The first food items to be cooked in the Forno Bravo Casa 2G oven,  aka the FB 1000, or the FB 1/2 Ton, were two Chipolte chilies, and one Guajillo chili, which formed the basis of my hot salsa for our meal. These cooked on the oven floor at 350 degree for about 15 minutes. After they cooled I took the seeds out, and I put the chilies in a food processor, removed the large pieces that wouldn't process, and in a small mixing bowl added the juice of one lemon, and a couple of teaspoons for water. We now had our hot sauce.
I cooked up some simple white rice with salt and black pepper, a dirty rice, and  heated up a can of organic black beans. I'm not afraid or embarrassed to admit that I use canned products. If it's good, and easy, it's for me.
I cleaned three Anaheim green chilies, and stuffed them with sharp cheddar cheese, sprinkled a little olive oil on top with fresh  ground black pepper and salt, and cooked them in the oven in a square 9 inch baking pan for about 20 minutes. The pan was covered with aluminum foil. No dredging in egg whites, just simple and plain.

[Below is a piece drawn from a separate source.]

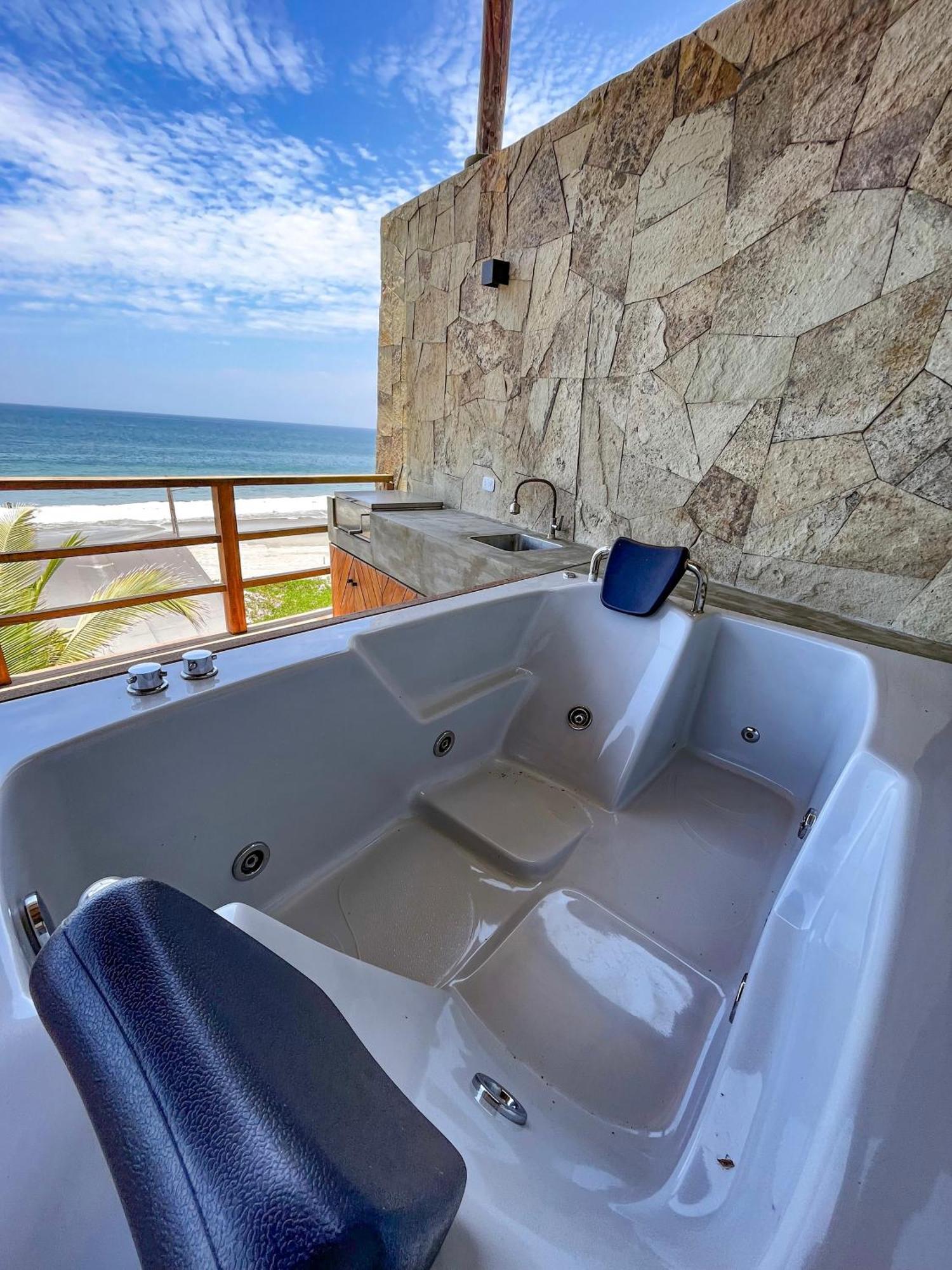 Diem Vichayito Beachfront Eco-Luxury Luaran gambar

Geri made a guacamole with the meat of two avocados, lemon juice, salt, black pepper, a dash or two of hot sauce,  a half of jalapeno pepper minced,  2 cloves of garlic minced, and fresh cilantro from the herb garden.

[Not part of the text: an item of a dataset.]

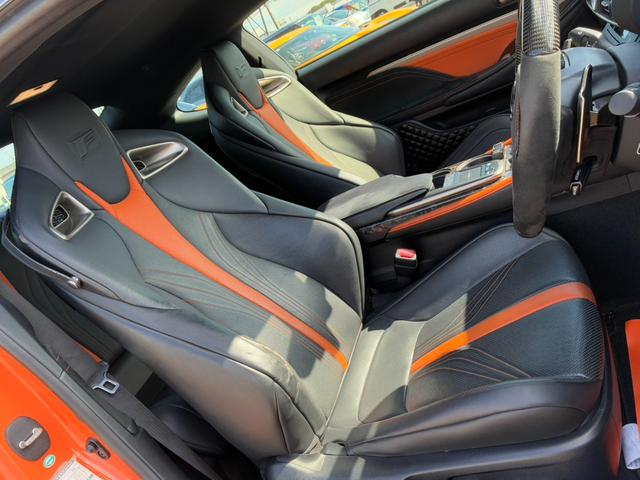 ＲＣ Ｆ カーボンエクステリアパッケージ　ＬＥＸＯＮエアロ　アクティブリアウィング　Ｐｒｏｄｒｉｖｅ１９インチアルミホイール　本革シート　３眼ＬＥＤヘッドライト　クルーズコントロール　オートライト　パワーシート　シートヒーター・エアコン（26枚目）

The meat du jour for this meal was two chicken breasts cut into 3/4 inch cubes, and  marinated with lemon juice, salt, black pepper, olive oil, and cayenne pepper.

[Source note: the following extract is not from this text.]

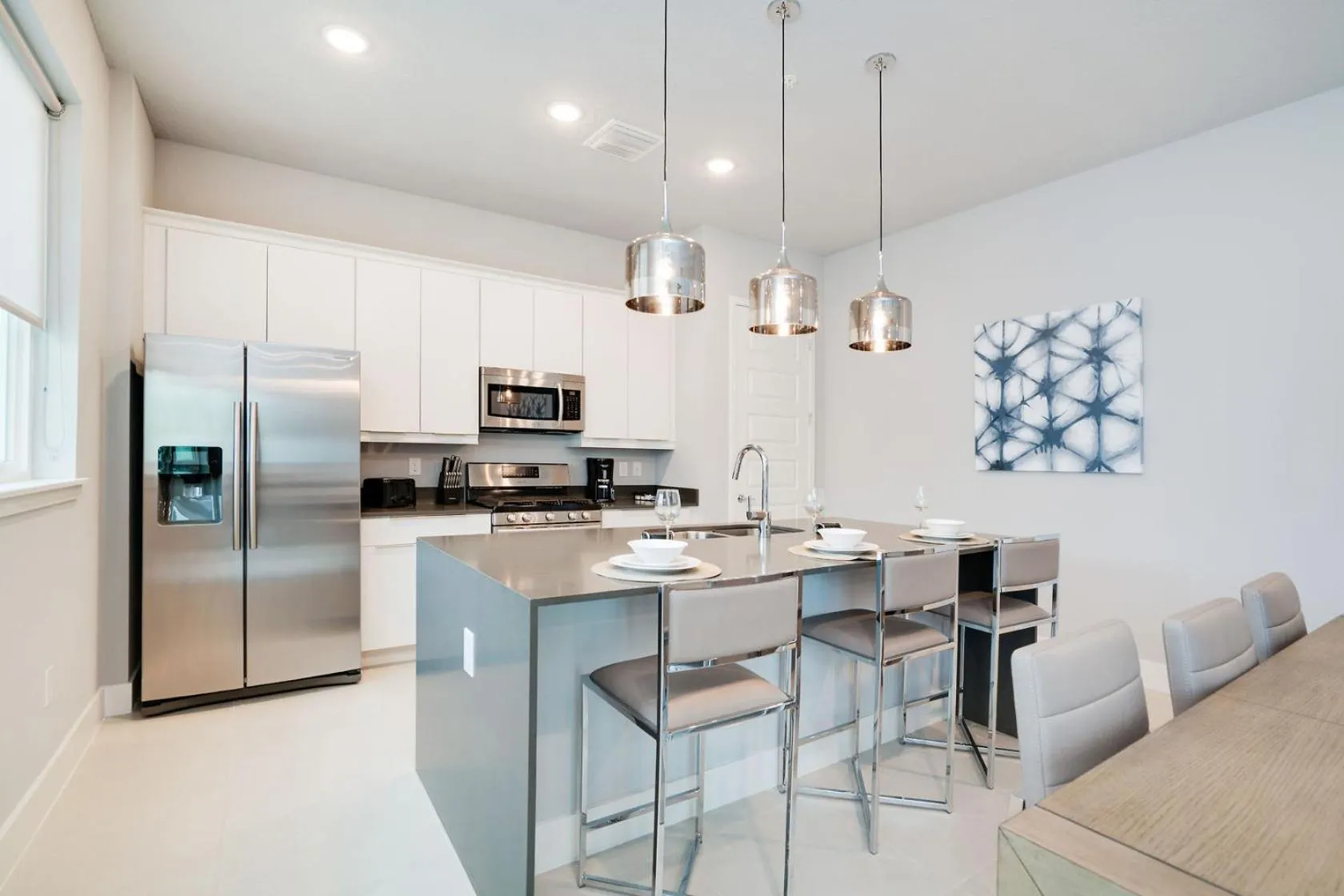 Kitchen or kitchenette in Spectrum Resort Villas Orlando and Waterparks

Geri also made a salad of bitter bitter greens, tomatoes, cucumber, lemon juice, olive oil and S & P.
We had a nice bottle of red wine Buzz brought over, and I baked the corn meal taco shells in my Lovin' Oven for about 5 minutes with some melted sharp cheddar cheese on them.
I cooked the chicken in a non stick skillet on the Lynx grill at 350 degrees.
We took a quick walk after dinner up in the Oakland hill, and by the time we got home I was worn out.
I had left the oven at 350 degree when we left, and when we returned home about a hour later the oven was smoking away at 350 degree.
The curing instructions tell you to close the oven door at night to retain the heat. Now, I am a skeptic at heart,. You might say an East Coast pessimist . It runs in my family. But when I awoke this particular morning I grabbed the handle of the black oven door and dam straight if it wasn't warm to the touch, and best of all the temperature gauge read 250 degrees.  After a a few scraps of the SF Chronicle, a couple of pieces of kindling, and some fresh air she fired right back up again. Foron Bravo has lousy building instructions, and their DVD just outright sucks, but their curing instruction are spot on,  and their oven rocks the Cazbar.
Today I'm going to cure that oven at 400 degrees, tomorrow 450,  and Tuesday 500. Thursday night the boys come over for a hoot-n-nanny, rock and roll jamboree,  and I'll be cooking pizza for my musician buddies.
Sunday April 12 is Mother's Day, and then we have our grand opening, with a huge meal planned, and the maiden voyage  of Geraldine's La De Da Cafe begins.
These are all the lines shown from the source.